Give the data again in full, with every character unchanged.

** Opening Data provided block **

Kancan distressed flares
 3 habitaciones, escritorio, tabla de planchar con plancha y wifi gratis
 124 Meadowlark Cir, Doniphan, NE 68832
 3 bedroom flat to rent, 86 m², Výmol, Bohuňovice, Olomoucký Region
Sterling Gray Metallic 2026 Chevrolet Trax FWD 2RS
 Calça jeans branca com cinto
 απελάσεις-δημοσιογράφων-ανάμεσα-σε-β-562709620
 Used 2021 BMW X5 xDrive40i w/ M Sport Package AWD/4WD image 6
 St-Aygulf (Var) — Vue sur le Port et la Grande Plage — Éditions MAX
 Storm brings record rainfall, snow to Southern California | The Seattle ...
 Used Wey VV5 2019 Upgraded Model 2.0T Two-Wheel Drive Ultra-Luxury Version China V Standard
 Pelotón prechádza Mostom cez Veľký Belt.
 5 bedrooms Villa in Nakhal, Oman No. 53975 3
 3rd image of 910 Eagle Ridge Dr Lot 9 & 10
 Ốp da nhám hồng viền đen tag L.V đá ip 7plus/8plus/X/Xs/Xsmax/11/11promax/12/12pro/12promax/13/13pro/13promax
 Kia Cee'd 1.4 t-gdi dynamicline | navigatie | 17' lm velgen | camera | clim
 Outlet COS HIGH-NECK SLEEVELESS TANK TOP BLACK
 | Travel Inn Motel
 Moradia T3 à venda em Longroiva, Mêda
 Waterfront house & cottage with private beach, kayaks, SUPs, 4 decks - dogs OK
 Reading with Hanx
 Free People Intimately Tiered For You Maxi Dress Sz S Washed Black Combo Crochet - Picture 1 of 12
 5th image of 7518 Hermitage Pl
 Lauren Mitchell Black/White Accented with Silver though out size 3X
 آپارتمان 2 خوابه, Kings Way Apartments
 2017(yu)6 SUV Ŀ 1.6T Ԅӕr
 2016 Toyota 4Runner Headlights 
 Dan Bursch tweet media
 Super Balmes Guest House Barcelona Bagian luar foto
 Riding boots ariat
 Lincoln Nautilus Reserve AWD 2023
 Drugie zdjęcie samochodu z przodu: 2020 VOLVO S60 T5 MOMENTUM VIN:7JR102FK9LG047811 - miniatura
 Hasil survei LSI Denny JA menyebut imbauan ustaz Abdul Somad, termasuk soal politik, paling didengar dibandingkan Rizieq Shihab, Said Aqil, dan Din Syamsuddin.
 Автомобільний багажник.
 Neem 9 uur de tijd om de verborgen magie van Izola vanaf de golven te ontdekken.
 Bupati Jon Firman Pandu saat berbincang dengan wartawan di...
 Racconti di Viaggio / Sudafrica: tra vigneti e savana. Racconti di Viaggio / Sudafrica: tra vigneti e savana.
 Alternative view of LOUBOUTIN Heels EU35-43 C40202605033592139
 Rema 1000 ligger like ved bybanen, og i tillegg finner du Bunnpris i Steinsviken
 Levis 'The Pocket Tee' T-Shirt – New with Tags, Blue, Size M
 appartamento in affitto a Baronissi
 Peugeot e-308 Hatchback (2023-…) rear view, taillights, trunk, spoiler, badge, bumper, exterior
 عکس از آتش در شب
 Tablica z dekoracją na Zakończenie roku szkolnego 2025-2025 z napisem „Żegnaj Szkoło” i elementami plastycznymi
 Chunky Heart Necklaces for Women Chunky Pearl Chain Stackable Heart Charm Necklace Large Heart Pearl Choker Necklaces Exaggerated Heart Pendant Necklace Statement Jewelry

** Closing Data provided block **

▶ **Response area**:
Kancan distressed flares
 3 habitaciones, escritorio, tabla de planchar con plancha y wifi gratis
 124 Meadowlark Cir, Doniphan, NE 68832
 3 bedroom flat to rent, 86 m², Výmol, Bohuňovice, Olomoucký Region
Sterling Gray Metallic 2026 Chevrolet Trax FWD 2RS
 Calça jeans branca com cinto
 απελάσεις-δημοσιογράφων-ανάμεσα-σε-β-562709620
 Used 2021 BMW X5 xDrive40i w/ M Sport Package AWD/4WD image 6
 St-Aygulf (Var) — Vue sur le Port et la Grande Plage — Éditions MAX
 Storm brings record rainfall, snow to Southern California | The Seattle ...
 Used Wey VV5 2019 Upgraded Model 2.0T Two-Wheel Drive Ultra-Luxury Version China V Standard
 Pelotón prechádza Mostom cez Veľký Belt.
 5 bedrooms Villa in Nakhal, Oman No. 53975 3
 3rd image of 910 Eagle Ridge Dr Lot 9 & 10
 Ốp da nhám hồng viền đen tag L.V đá ip 7plus/8plus/X/Xs/Xsmax/11/11promax/12/12pro/12promax/13/13pro/13promax
 Kia Cee'd 1.4 t-gdi dynamicline | navigatie | 17' lm velgen | camera | clim
 Outlet COS HIGH-NECK SLEEVELESS TANK TOP BLACK
 | Travel Inn Motel
 Moradia T3 à venda em Longroiva, Mêda
 Waterfront house & cottage with private beach, kayaks, SUPs, 4 decks - dogs OK
 Reading with Hanx
 Free People Intimately Tiered For You Maxi Dress Sz S Washed Black Combo Crochet - Picture 1 of 12
 5th image of 7518 Hermitage Pl
 Lauren Mitchell Black/White Accented with Silver though out size 3X
 آپارتمان 2 خوابه, Kings Way Apartments
 2017(yu)6 SUV Ŀ 1.6T Ԅӕr
 2016 Toyota 4Runner Headlights 
 Dan Bursch tweet media
 Super Balmes Guest House Barcelona Bagian luar foto
 Riding boots ariat
 Lincoln Nautilus Reserve AWD 2023
 Drugie zdjęcie samochodu z przodu: 2020 VOLVO S60 T5 MOMENTUM VIN:7JR102FK9LG047811 - miniatura
 Hasil survei LSI Denny JA menyebut imbauan ustaz Abdul Somad, termasuk soal politik, paling didengar dibandingkan Rizieq Shihab, Said Aqil, dan Din Syamsuddin.
 Автомобільний багажник.
 Neem 9 uur de tijd om de verborgen magie van Izola vanaf de golven te ontdekken.
 Bupati Jon Firman Pandu saat berbincang dengan wartawan di...
 Racconti di Viaggio / Sudafrica: tra vigneti e savana. Racconti di Viaggio / Sudafrica: tra vigneti e savana.
 Alternative view of LOUBOUTIN Heels EU35-43 C40202605033592139
 Rema 1000 ligger like ved bybanen, og i tillegg finner du Bunnpris i Steinsviken
 Levis 'The Pocket Tee' T-Shirt – New with Tags, Blue, Size M
 appartamento in affitto a Baronissi
 Peugeot e-308 Hatchback (2023-…) rear view, taillights, trunk, spoiler, badge, bumper, exterior
 عکس از آتش در شب
 Tablica z dekoracją na Zakończenie roku szkolnego 2025-2025 z napisem „Żegnaj Szkoło” i elementami plastycznymi
 Chunky Heart Necklaces for Women Chunky Pearl Chain Stackable Heart Charm Necklace Large Heart Pearl Choker Necklaces Exaggerated Heart Pendant Necklace Statement Jewelry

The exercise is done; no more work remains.